EXERCISE MATERIAL below:

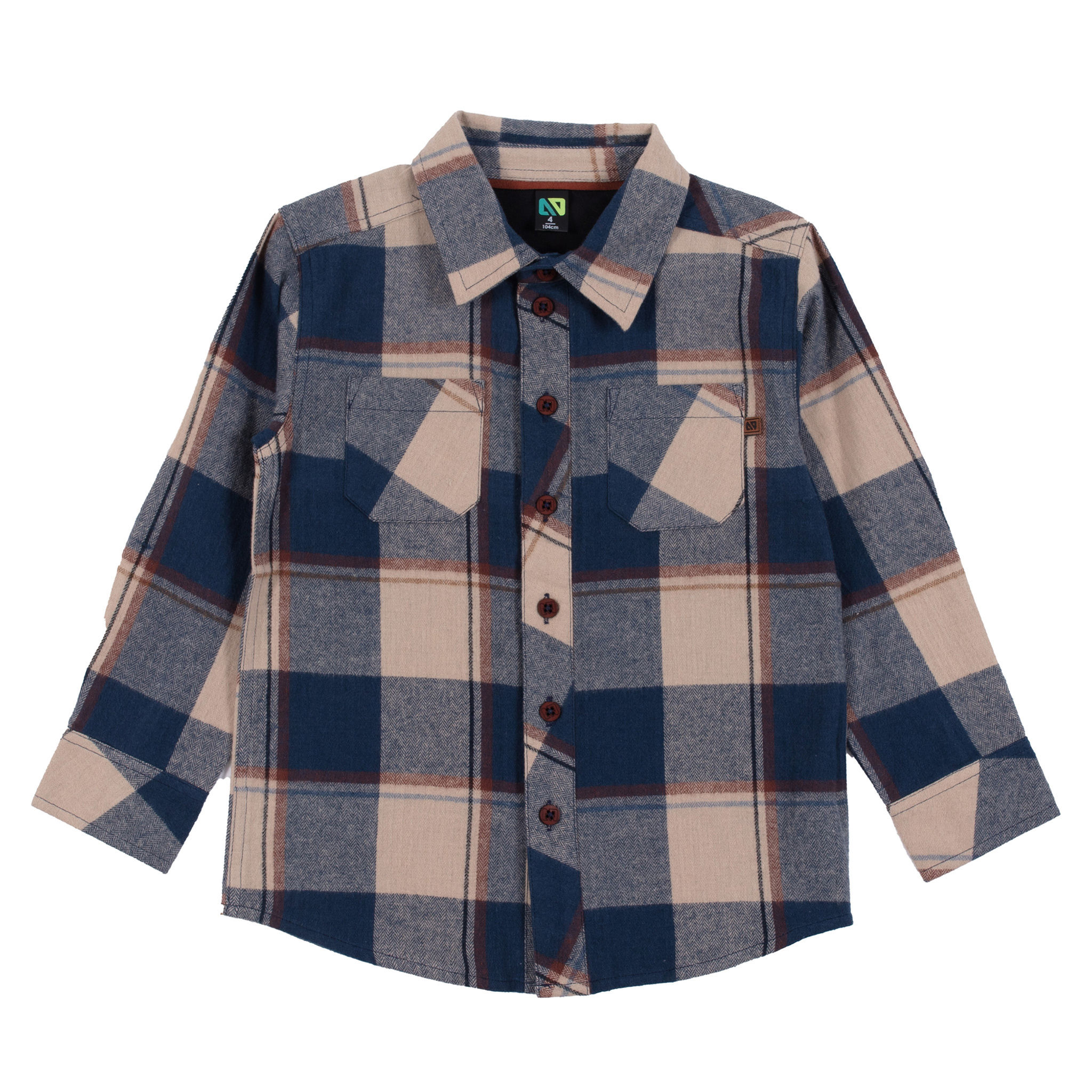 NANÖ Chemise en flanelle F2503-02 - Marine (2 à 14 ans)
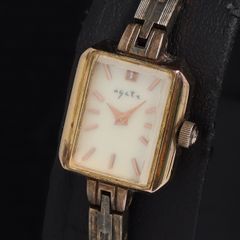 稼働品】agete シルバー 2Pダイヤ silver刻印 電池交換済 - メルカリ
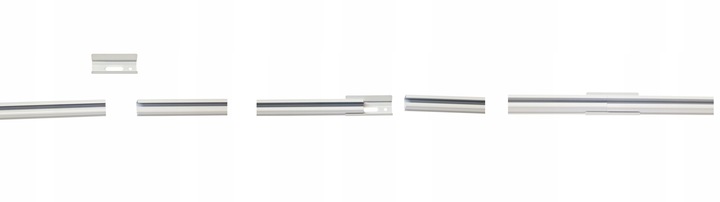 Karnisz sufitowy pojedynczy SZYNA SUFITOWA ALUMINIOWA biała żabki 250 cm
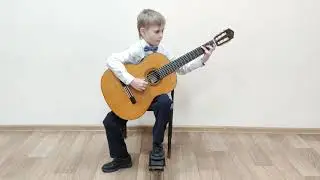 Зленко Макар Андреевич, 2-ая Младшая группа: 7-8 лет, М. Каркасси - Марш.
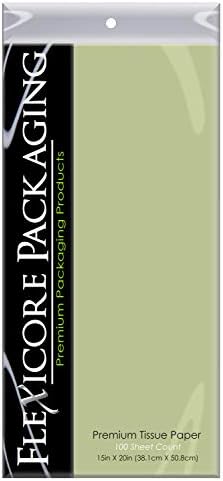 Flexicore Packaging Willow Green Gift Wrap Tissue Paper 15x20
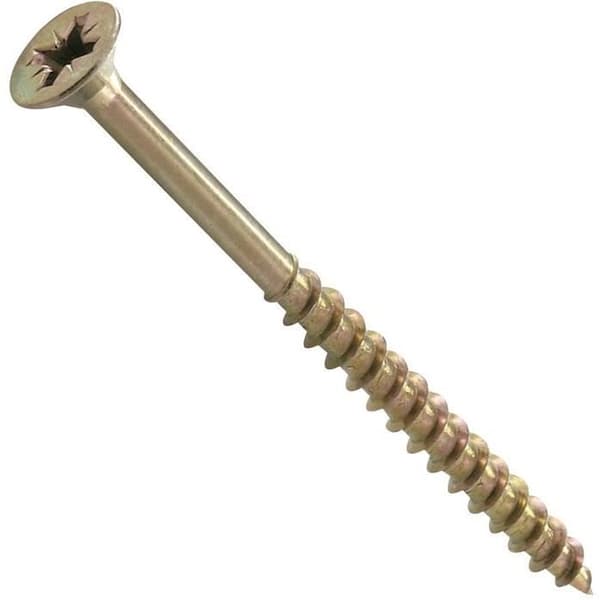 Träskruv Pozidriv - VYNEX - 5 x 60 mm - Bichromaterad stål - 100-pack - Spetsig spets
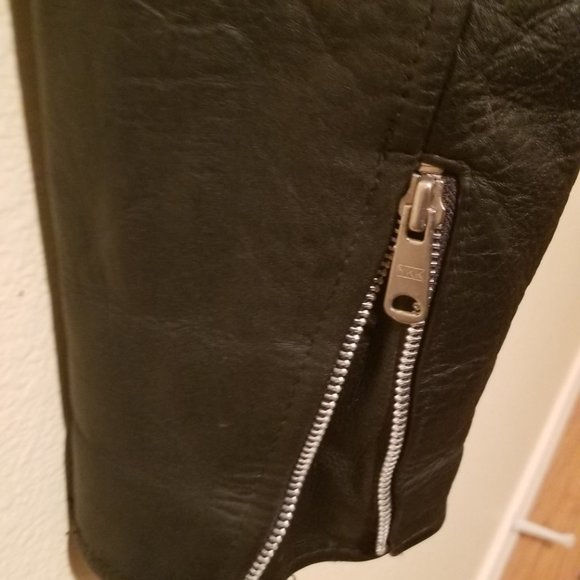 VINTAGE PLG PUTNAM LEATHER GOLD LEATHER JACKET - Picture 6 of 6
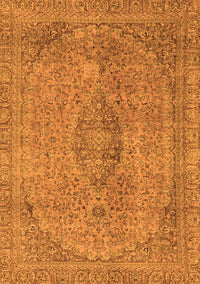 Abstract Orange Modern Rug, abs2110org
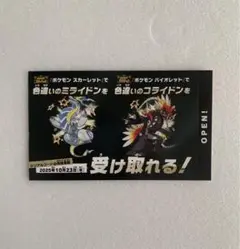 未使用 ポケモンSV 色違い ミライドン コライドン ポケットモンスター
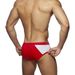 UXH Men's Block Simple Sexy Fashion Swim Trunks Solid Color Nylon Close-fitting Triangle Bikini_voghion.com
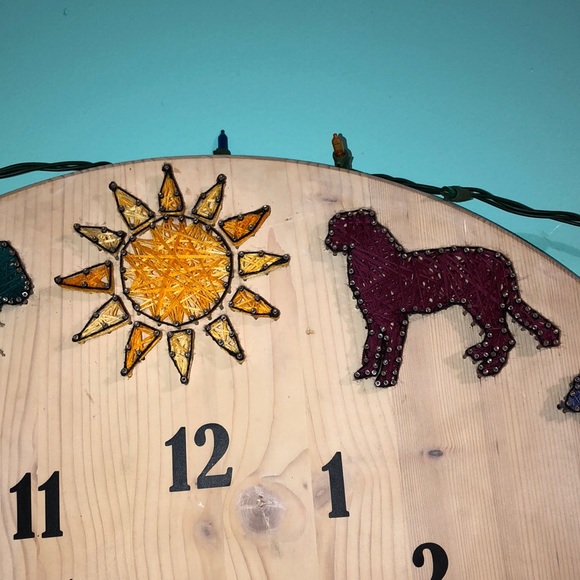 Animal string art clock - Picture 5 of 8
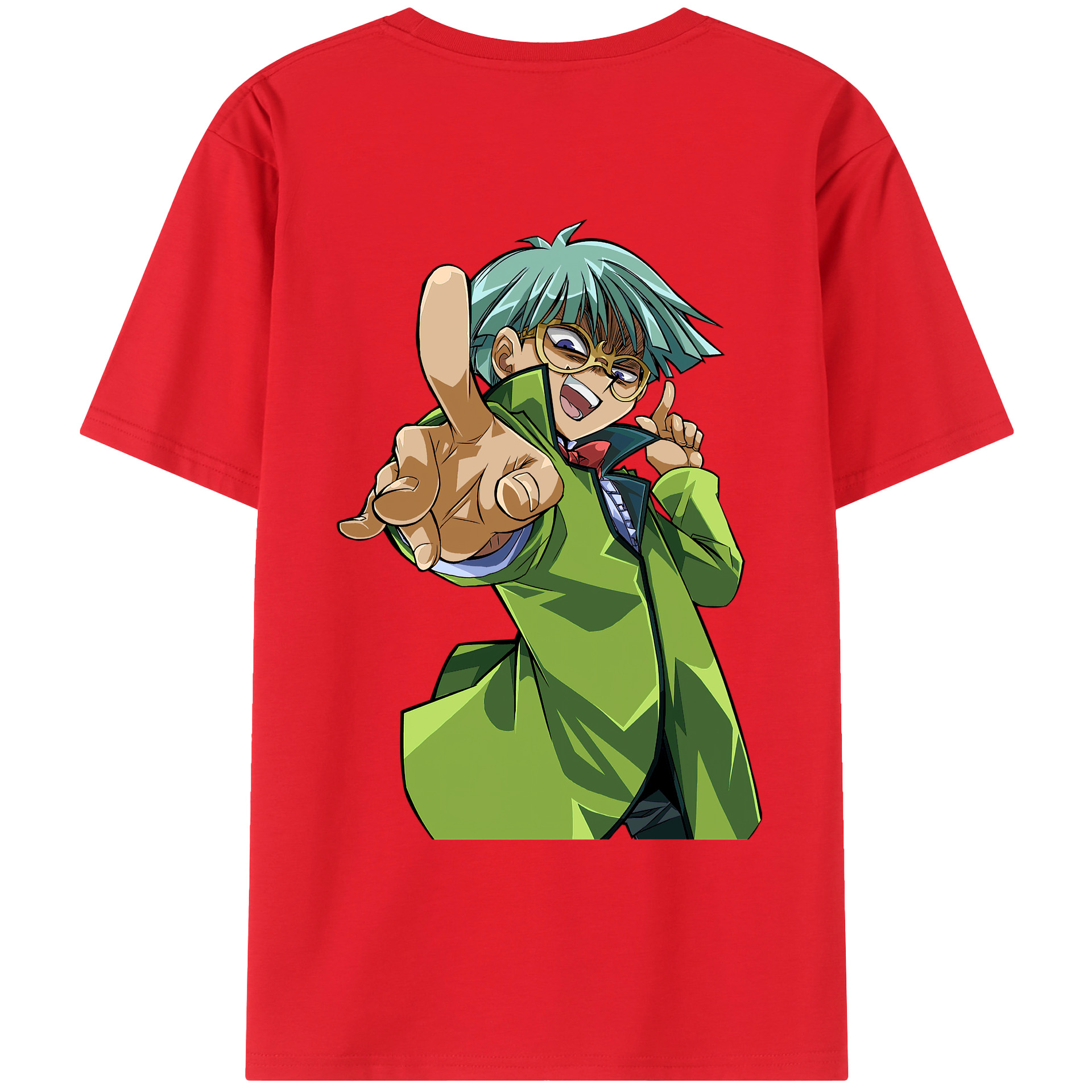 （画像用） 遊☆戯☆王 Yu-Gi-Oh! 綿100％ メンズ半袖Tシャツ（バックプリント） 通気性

End of EXERCISE MATERIAL.
EXERCISE MATERIAL below:

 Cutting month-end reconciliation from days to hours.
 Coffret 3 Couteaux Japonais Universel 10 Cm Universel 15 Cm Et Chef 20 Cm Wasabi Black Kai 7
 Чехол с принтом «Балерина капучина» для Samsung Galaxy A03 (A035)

End of EXERCISE MATERIAL.
EXERCISE MATERIAL below:

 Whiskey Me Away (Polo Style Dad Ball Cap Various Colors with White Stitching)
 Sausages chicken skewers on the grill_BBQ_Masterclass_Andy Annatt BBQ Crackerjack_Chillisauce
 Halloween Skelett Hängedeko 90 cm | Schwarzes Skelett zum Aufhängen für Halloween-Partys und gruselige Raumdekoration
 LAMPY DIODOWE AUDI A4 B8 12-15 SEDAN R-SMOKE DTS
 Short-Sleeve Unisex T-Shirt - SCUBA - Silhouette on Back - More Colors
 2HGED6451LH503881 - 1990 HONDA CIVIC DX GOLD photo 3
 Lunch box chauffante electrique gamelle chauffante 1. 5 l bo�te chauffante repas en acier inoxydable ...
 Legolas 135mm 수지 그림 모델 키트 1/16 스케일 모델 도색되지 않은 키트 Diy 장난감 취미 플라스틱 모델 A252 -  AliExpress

End of EXERCISE MATERIAL.

● **WHAT THE TASK ASKS**: Look above and copy only the lines from the one holding "NANÖ Chemise en" to the one holding "UXH Men's Block", both included, exactly, minus the pictures.

● **RESULT**:
 NANÖ Chemise en flanelle F2503-02 - Marine (2 à 14 ans)
 稼働品】agete シルバー 2Pダイヤ silver刻印 電池交換済 - メルカリ
 Karnisz sufitowy pojedynczy SZYNA SUFITOWA ALUMINIOWA biała żabki 250 cm
 Зленко Макар Андреевич, 2-ая Младшая группа: 7-8 лет, М. Каркасси - Марш.
 Flexicore Packaging Willow Green Gift Wrap Tissue Paper 15x20
 Träskruv Pozidriv - VYNEX - 5 x 60 mm - Bichromaterad stål - 100-pack - Spetsig spets
 VINTAGE PLG PUTNAM LEATHER GOLD LEATHER JACKET - Picture 6 of 6
 Abstract Orange Modern Rug, abs2110org
 未使用 ポケモンSV 色違い ミライドン コライドン ポケットモンスター
 UXH Men's Block Simple Sexy Fashion Swim Trunks Solid Color Nylon Close-fitting Triangle Bikini_voghion.com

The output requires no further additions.